According to the Irrawaddy, around 7:30pm on September 27 soldiers raided the Pauk-myaing Monastery in Chanmyathazi Township, Mandalay and arrested most of 50 monks who were praying at the time; a few managed to escape.

These are a handful of the total number of incidents. Reports of large-scale capturing of monks all over the country are continuing.

Civilians
National League for Democracy (NLD) members U Aye Ko and Daw Khin Whaing were arrested by police and council officials in Pegu, northeast of Rangoon, at 9:30pm on September 27. They were reportedly sent to the prison in Pyi.

In Mandalay, NLD organiser Daw Win Mya Mya was taken from her house by around ten police and ward officials at midnight on the night of September 28-29. Earlier, the NLD secretary in Meikhtilar, Daw Myint Myint Aye and NLD member there, Ko Tin Ko, were taken on the night of September 25 and held at the Mandalay Prison.

In Taunggut, Arakan State police and soldiers entered the houses of NLD members Ko Htun Kyi and Ko Than Hpe and took them away on the night of September 28.

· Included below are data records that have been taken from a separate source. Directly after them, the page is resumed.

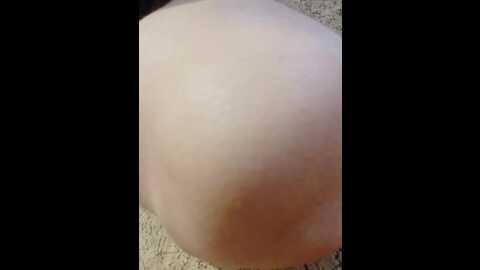 Media: eddykamilla Bongacams 2023-09-17 09:34:00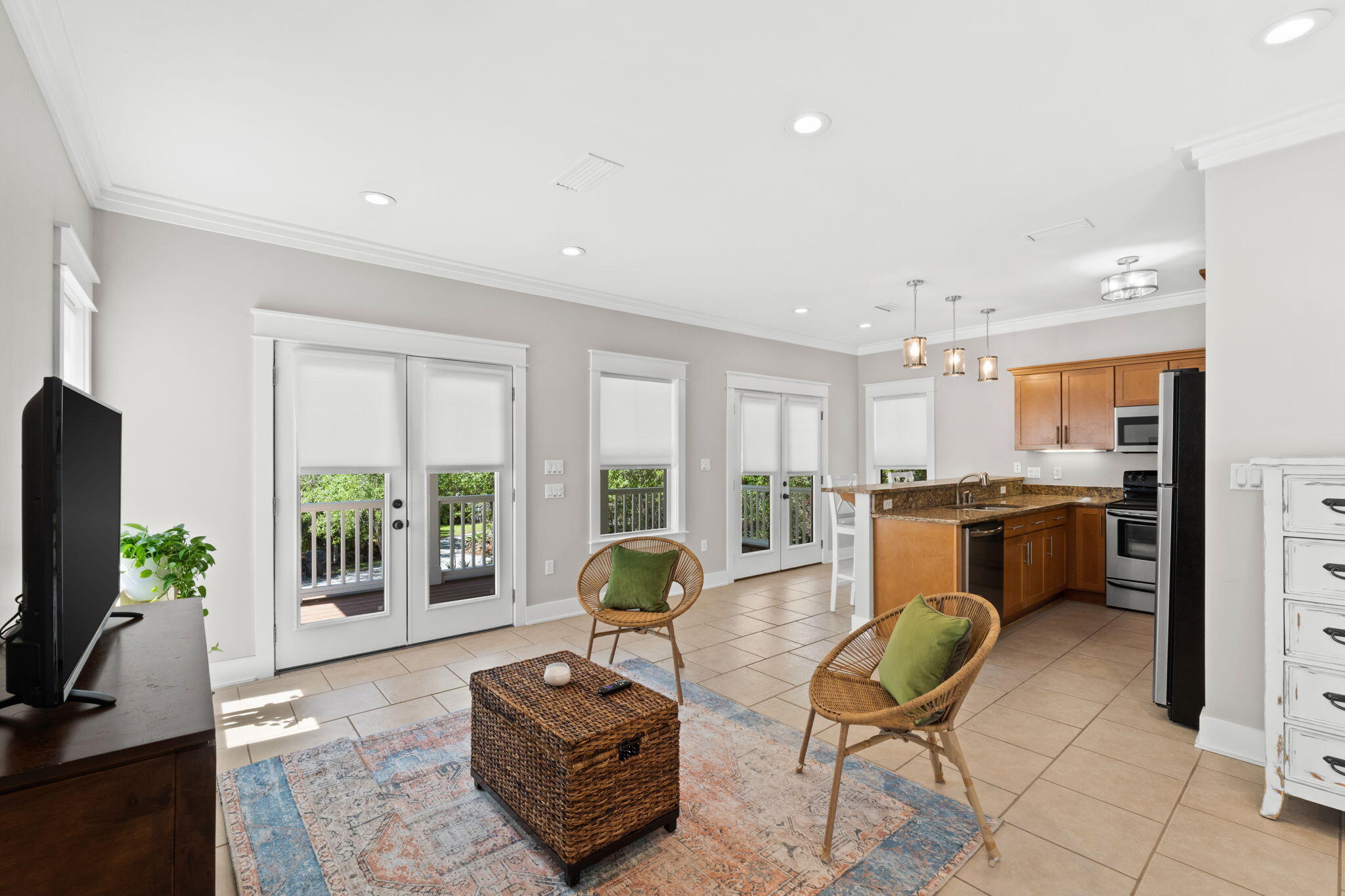 main property photo 63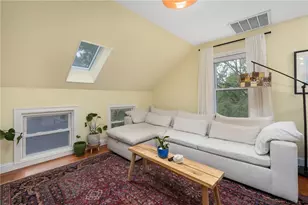 510 Wickenden St, Providence, RI 02903 - Photo 11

In Bamaw, the NLD elected member of parliament, poet Bamaw Nyo Nyu, and six other persons were arrested on September 25, Mizzima has reported. Their whereabouts and conditions are not known.

At least seven elected members of parliament for the NLD were also taken along with monks in Myohnyin, Kachin State, on September 26. DVB identified them as: U Kyaw Maung, U Hpe Sein, U Tin Aye, Ko Khin Maung Hun, U Ba Maung, U Htun Tin and U Chit Htoo. The group that captured them was reportedly led by a local soft drink factory owner, U Maung Maung.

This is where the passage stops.